But how much of it was her own work, eh? This question needs
to be posed because there is something missing, almost fishy, about Summers’
profile of toothy Tanya Plibersek, which appeared in
last Saturday’s Good Weekend.
However did Summers neglect to mention that Plibersek’s
parents fled Slovenia after World War Two, when those who sided with the German
invaders were being hunted down by Tito’s partisans. If Bolt’s adolescent
mother-to-be’s exposure to a Nazi mayor was worth mentioning, surely Summers
should have hinted, if not highlighted, the parents’ immersion in the fascist cesspit.

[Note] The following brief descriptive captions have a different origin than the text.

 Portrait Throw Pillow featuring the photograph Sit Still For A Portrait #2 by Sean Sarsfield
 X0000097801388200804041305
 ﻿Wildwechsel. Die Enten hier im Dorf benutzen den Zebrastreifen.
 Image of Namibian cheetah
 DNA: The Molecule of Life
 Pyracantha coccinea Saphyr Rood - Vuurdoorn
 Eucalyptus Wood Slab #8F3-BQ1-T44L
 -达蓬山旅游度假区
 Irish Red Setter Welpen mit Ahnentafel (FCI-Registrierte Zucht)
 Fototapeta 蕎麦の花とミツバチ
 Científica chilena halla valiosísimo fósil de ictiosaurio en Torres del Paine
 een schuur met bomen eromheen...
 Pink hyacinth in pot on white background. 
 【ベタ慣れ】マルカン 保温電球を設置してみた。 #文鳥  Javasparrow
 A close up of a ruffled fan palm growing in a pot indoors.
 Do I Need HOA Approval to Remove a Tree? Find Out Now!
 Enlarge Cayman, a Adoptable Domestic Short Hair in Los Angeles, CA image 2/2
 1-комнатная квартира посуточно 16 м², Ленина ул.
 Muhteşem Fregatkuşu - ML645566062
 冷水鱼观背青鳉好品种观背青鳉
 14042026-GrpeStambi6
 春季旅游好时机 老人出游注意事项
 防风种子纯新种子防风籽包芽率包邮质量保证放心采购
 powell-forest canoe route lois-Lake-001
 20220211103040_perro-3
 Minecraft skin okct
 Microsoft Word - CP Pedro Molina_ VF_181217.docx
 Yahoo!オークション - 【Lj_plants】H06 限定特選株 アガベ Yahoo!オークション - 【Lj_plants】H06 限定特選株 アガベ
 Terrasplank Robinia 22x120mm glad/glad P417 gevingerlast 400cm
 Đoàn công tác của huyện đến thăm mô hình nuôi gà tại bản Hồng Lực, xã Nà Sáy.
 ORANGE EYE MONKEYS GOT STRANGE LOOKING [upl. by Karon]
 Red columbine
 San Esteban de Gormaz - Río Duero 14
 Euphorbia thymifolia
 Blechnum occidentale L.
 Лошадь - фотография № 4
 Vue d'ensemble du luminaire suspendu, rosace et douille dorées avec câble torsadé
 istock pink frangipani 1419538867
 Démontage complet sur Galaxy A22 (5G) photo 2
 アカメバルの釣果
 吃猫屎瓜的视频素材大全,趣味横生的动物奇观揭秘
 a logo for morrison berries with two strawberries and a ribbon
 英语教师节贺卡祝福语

And there are worse oversights, much worse. Had Summers
checked the archives she would have been able to include the fact that, in an Adelaide
courtroom, a
certain Mr Plibersek from “the Mildura migrant camp”,was named as having
slept with another man’s wife. The first names do not quite match, but not to
worry. Quality journalism means making connections, and Summers is very much
the quality journalist, so much so Australia Post has issued a stamp in her honour.
Many purchased. Few licked.
Or is she? Surely, and with no less certainty than she
brings to her own exposes, we can easily suppose what has happened. With poor
Chip up to his neck in bolding initiatives, a very large salary to be justified
and The Drum’s escutcheon in need of burnishing, the youngster just did not
have a spare moment to sit down with his squeeze and stop her inscribing for
the record what amounts to a string of senior moments. For example, early on in
her Plibersek profile Summers draws a picture of the dire poverty in Oyster
Bay, where the future Cabinet member was raised. Mum had to use a washboard,
Summers relates, and there were few TVs in the neighbourhood, which seems a
dubious assertion given that it is the Seventies she is writing about. And it
grows more suspect a few paragraphs later, when we are led to share a warm family
memory of 3-year-old Tanya atop Poppa’s lap as the family gathered around the
telly in their hovel.
This is serious stuff, this failure on Summers’ part to bang
all the required gongs in quality journalism’s temple of truth. If Chip cares
about his partner, really cares, he should stop reporting for work at The Drum.
Few would notice and, if they did, who could deny that Summers has reached the
stage where she needs full-time care?